Und, so Landrat Bauer, die beiden Sachbearbeiterinnen bleiben vor Ort. „Das Sekretariat mit seiner Größe von etwa 31 Quadratmeter ermöglicht, dass beide mit ihren Schreibtischen über zwei Meter Abstand auseinander sitzen. Sie haben auch die Möglichkeit, andere, derzeit nicht besetzte Büros zu nutzen und können sich jederzeit an anderen PCs anmelden. Beide kennen ihre Möglichkeiten und erbringen ihre Arbeit unter Einhaltung aller hygienisch notwendigen Maßnahmen“, teilte dazu Sprecherin Marianne Bothe auf eine vorherige Anfrage mit.
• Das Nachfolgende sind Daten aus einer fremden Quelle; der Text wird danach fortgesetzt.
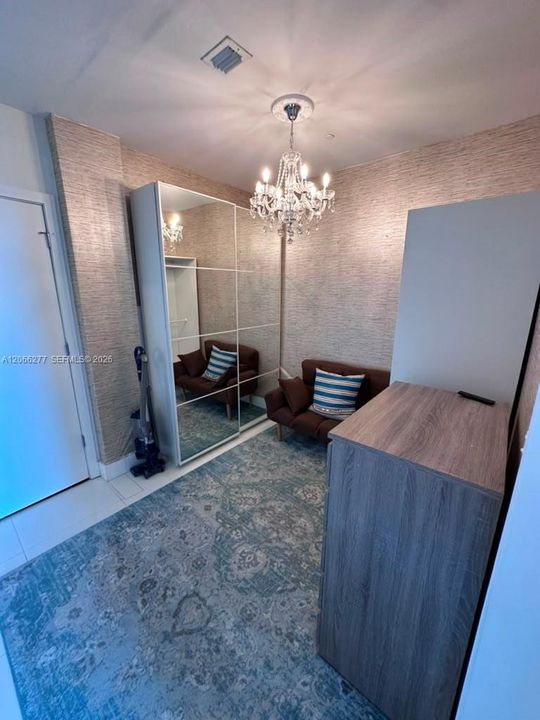 На продажу: $780,000 (1 спален, 1 ванн, 830 Квадратных фут)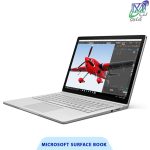 لپ تاپ Microsoft surface book 1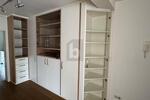 FÜR ANSPRUCHSVOLLE SINGLES ODER PAARE - Etagenwohnung Mülheim an der Ruhr Broich | Angebot:27115264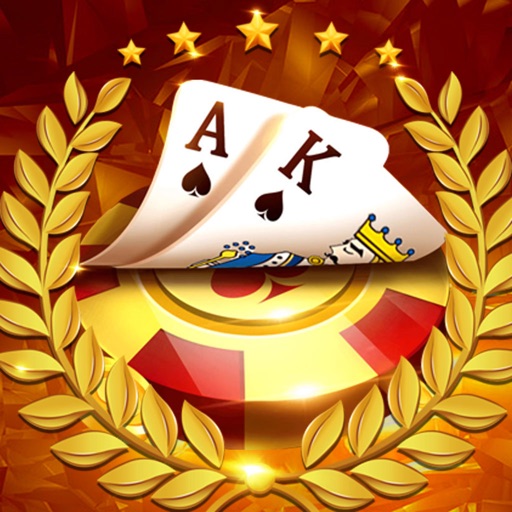 鼎运棋牌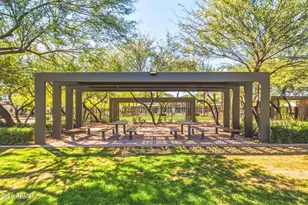 2122 W Rowel Rd, Phoenix, AZ 85085 - Photo 71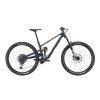 NORCO Optic A2 Grey 29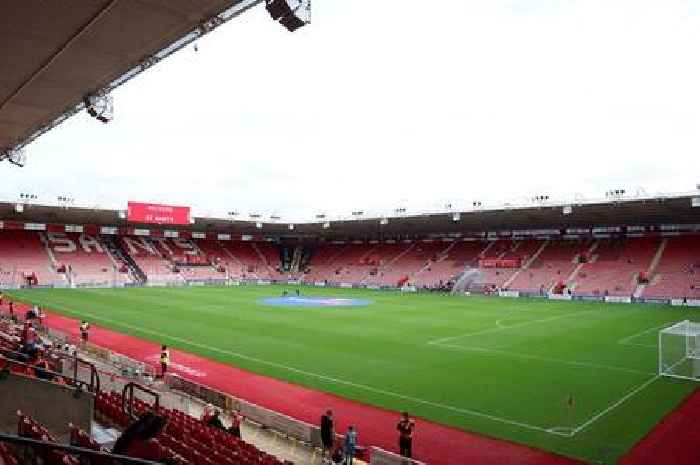 How to watch Southampton vs Chelsea: TV channel, live stream details, kick off time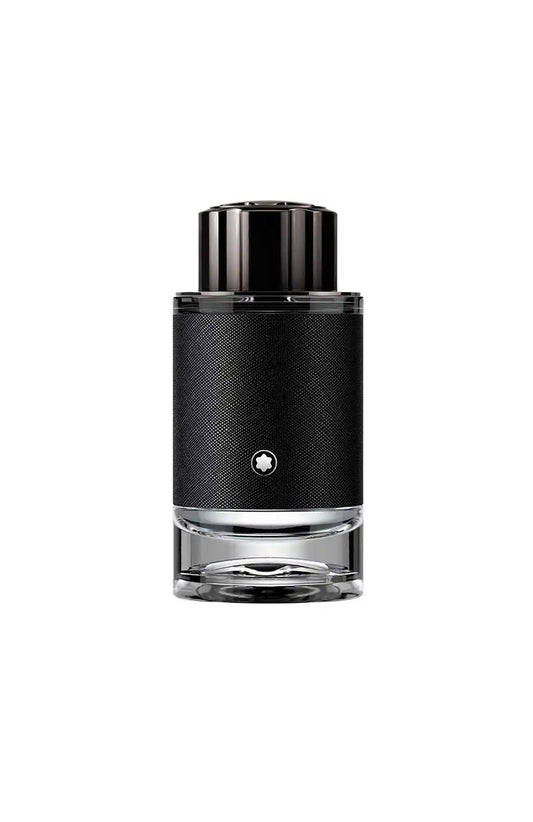 Montblanc Explorer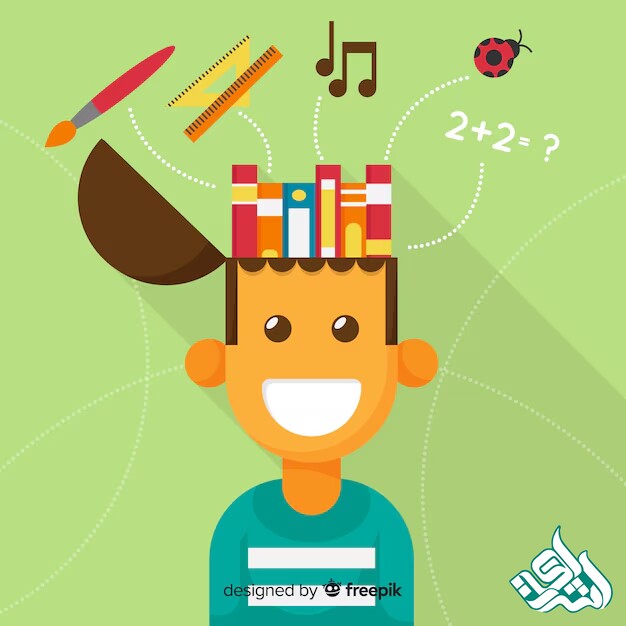 فعالیت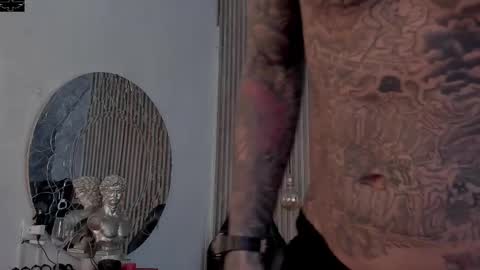     ... online show from 10.07.25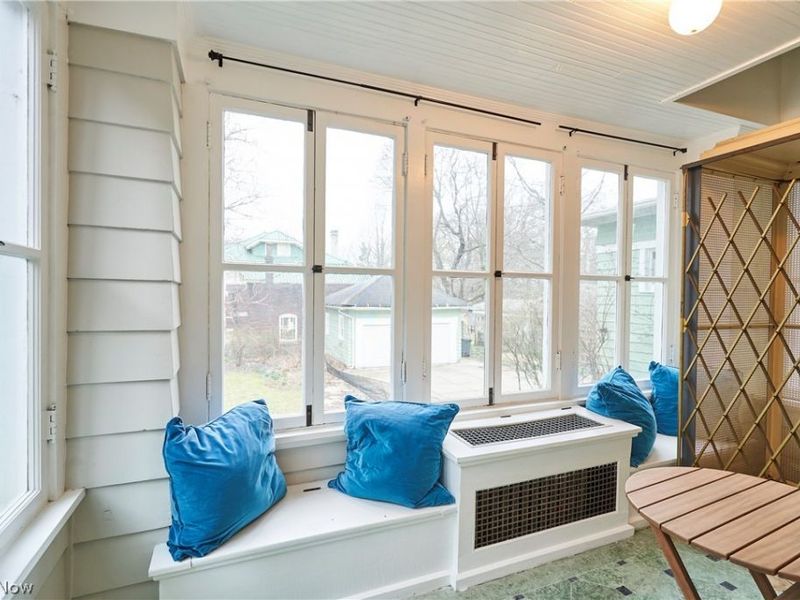 100 Mayfield Avenue, Akron, OH 44313 Photo 7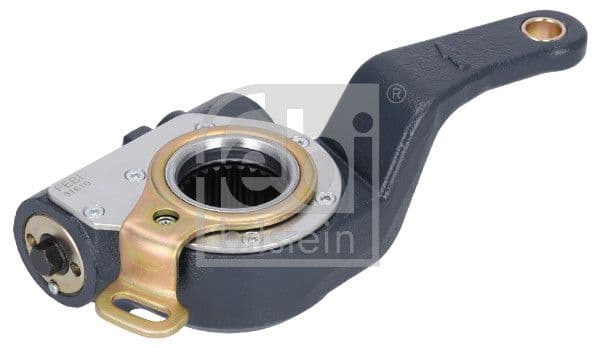 senzor,temperatura ulei FAE 31610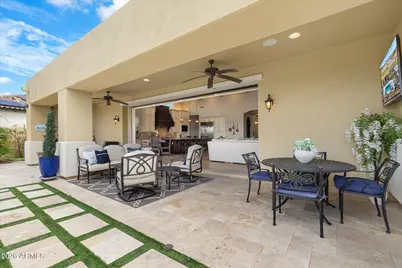 30276 N 117th Drive, Peoria, AZ 85383 - Photo 39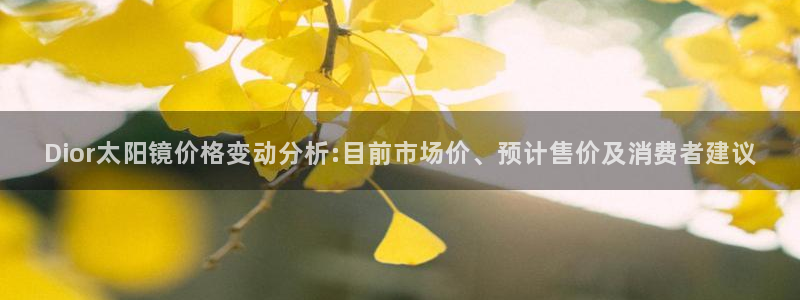 新宝5娱乐登陆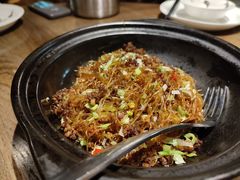 -辛香汇(飞洲店)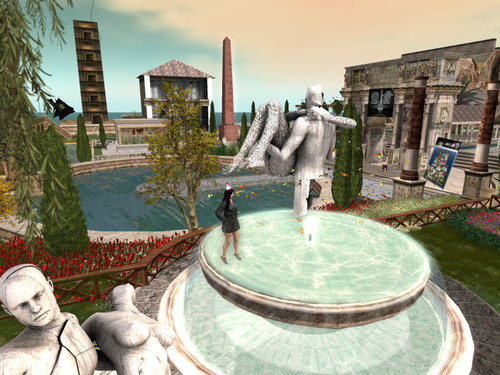 Web 63e5dca59a1e891b854e6f75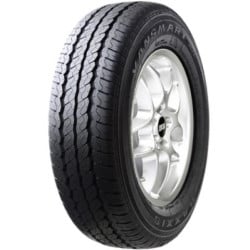 MAXXIS MCV3+ 225/75R16 121R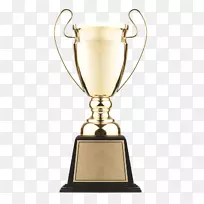 ������Ӱ-��-������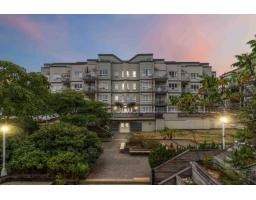 308 14355 103 AVENUE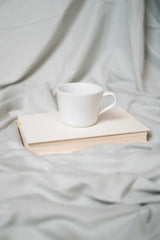 4 Piece Bamboo Flex Head Hypoallergenic Sheet Set - Furniture Home Direct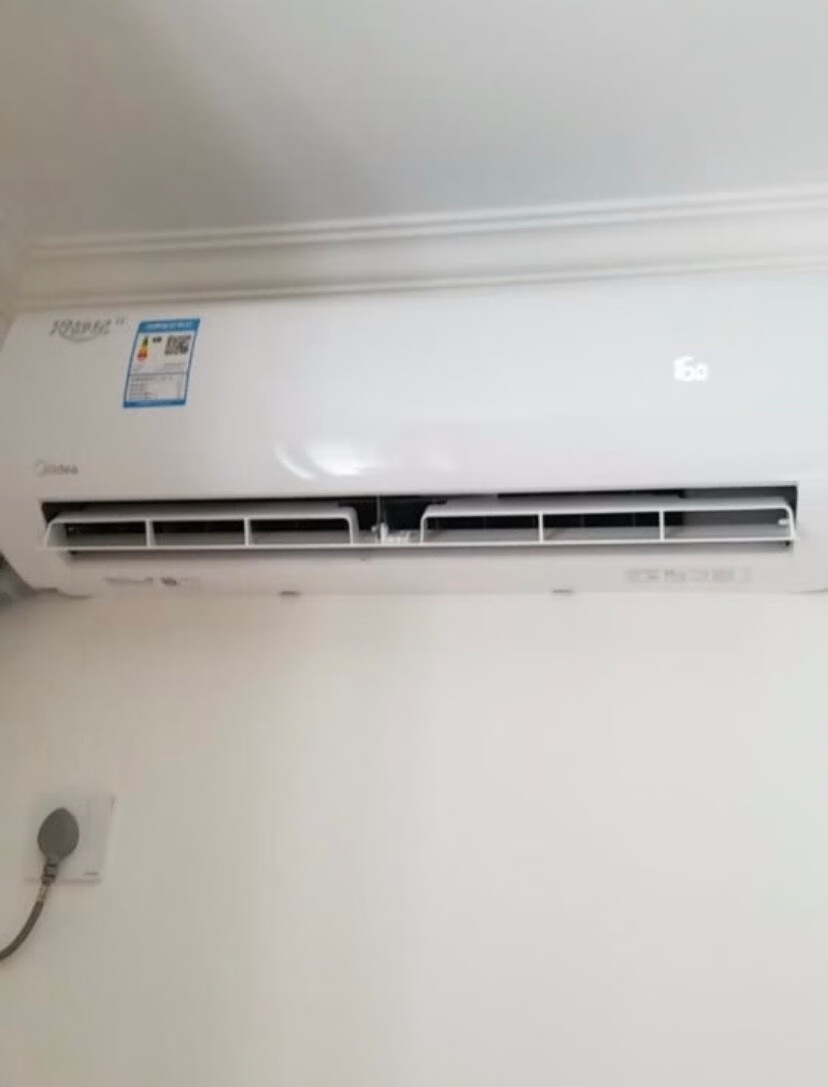 美的kfr-35gw/bp3dn8y-ph200(1)-质量好吗?独家测评解密?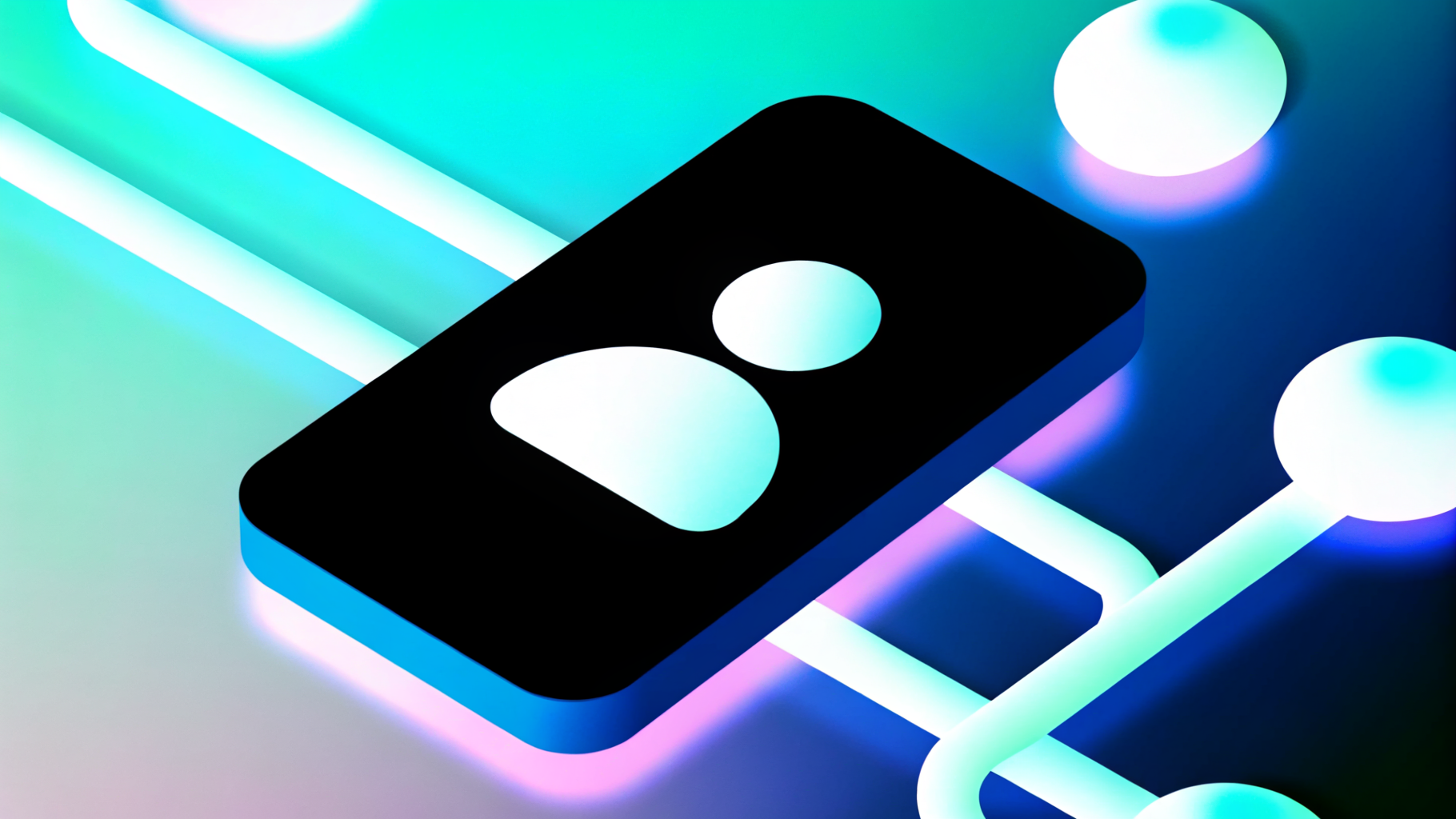 5 Steps to Salesforce Delete a User Efficiently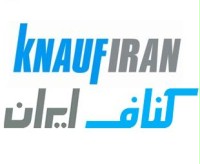 Knauf Ir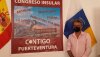 Fuerteventura: 'CONTIGO' Puerto del Rosario cambia de presidente local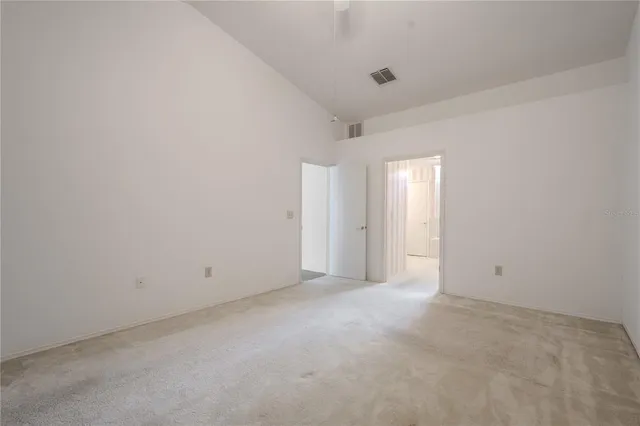 $600,000 | 1838 Eagle Ridge Boulevard, Palm Harbor, FL 34685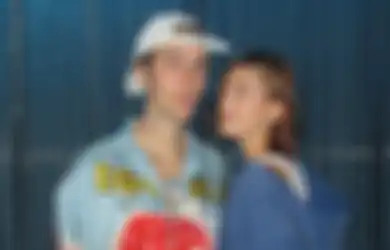 Anniversary Pernikahan 5 Tahun, Justin dan Hailey Bieber Kompak Upload Foto Couple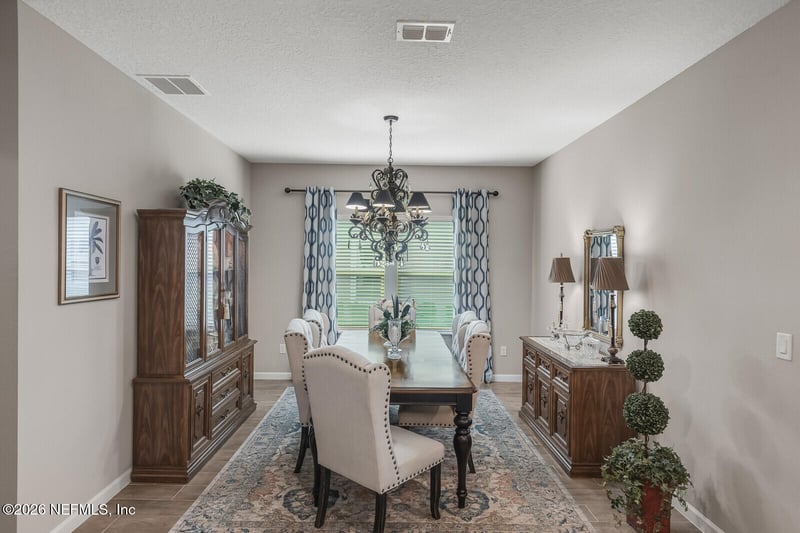 85257 Sagamore Ct, Fernandina Beach, FL 32034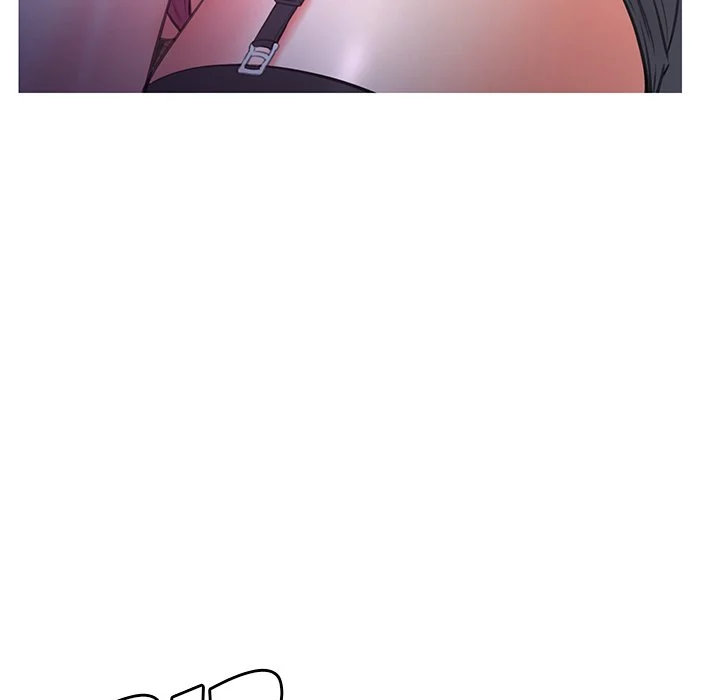 Daughter In Law Chapter 55 - HolyManga.Net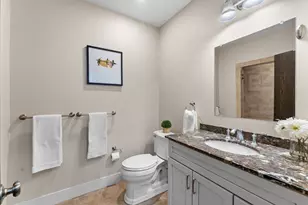 99-105 Broad St, Boston, MA 02110 - Photo 21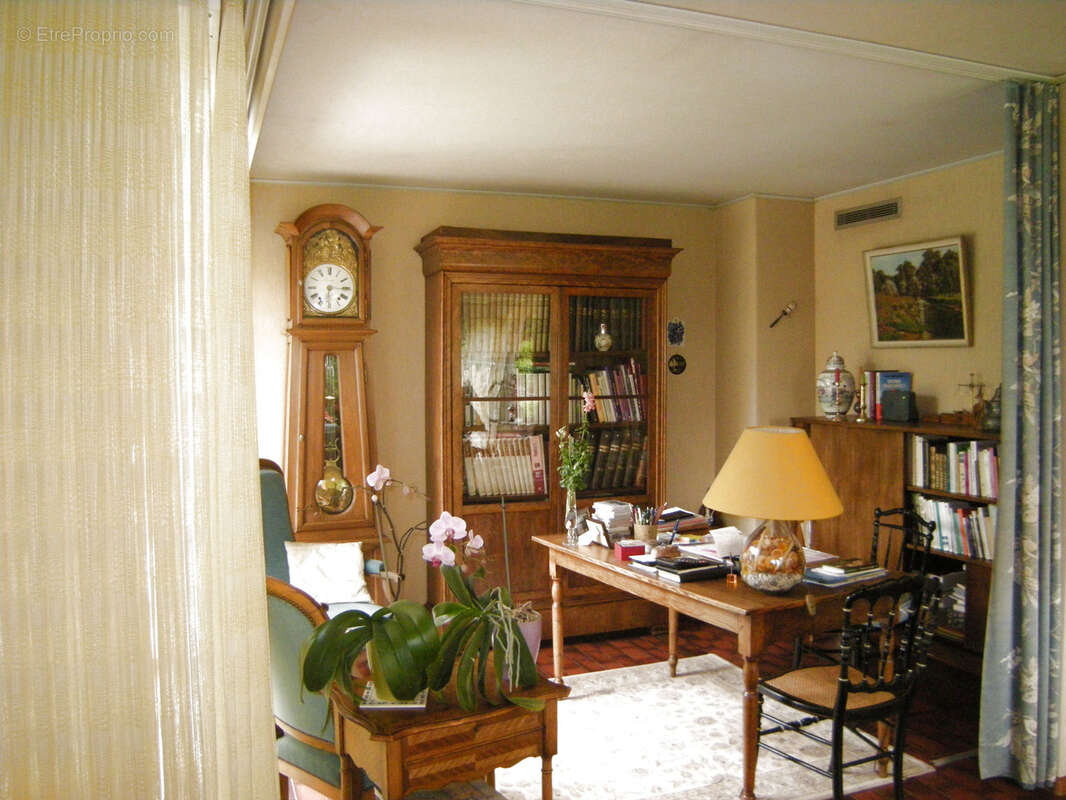 Maison à COURCELLES-LES-MONTBELIARD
Das Argument der Infektionsgefahr bezüglich des Elektrikers weist sie zurück. Es habe vermehrt Anfragen von Firmen gegeben, Wartungen vorzuziehen. Dem wolle man aber nicht entsprechen, wenn kein Bedarf da ist.

Er halte sich an die geltenden Verordnungen, betont Markus Bauer wiederholt. Anders Ulrich Plaga, so der Landrat. So sei er – unmittelbar nach Landes-Entscheidung, Kitas und Schulen zu schließen – nicht bei einem Treffen aller Schul- und Kitaleiter im Landratsamt gewesen. Dort sei beraten worden, wie man die Notbetreuung gewährleisten könne. „Gerade in der Krisenzeit ist es doch wichtig, dass alle an einem Strang ziehen“, so Bauer.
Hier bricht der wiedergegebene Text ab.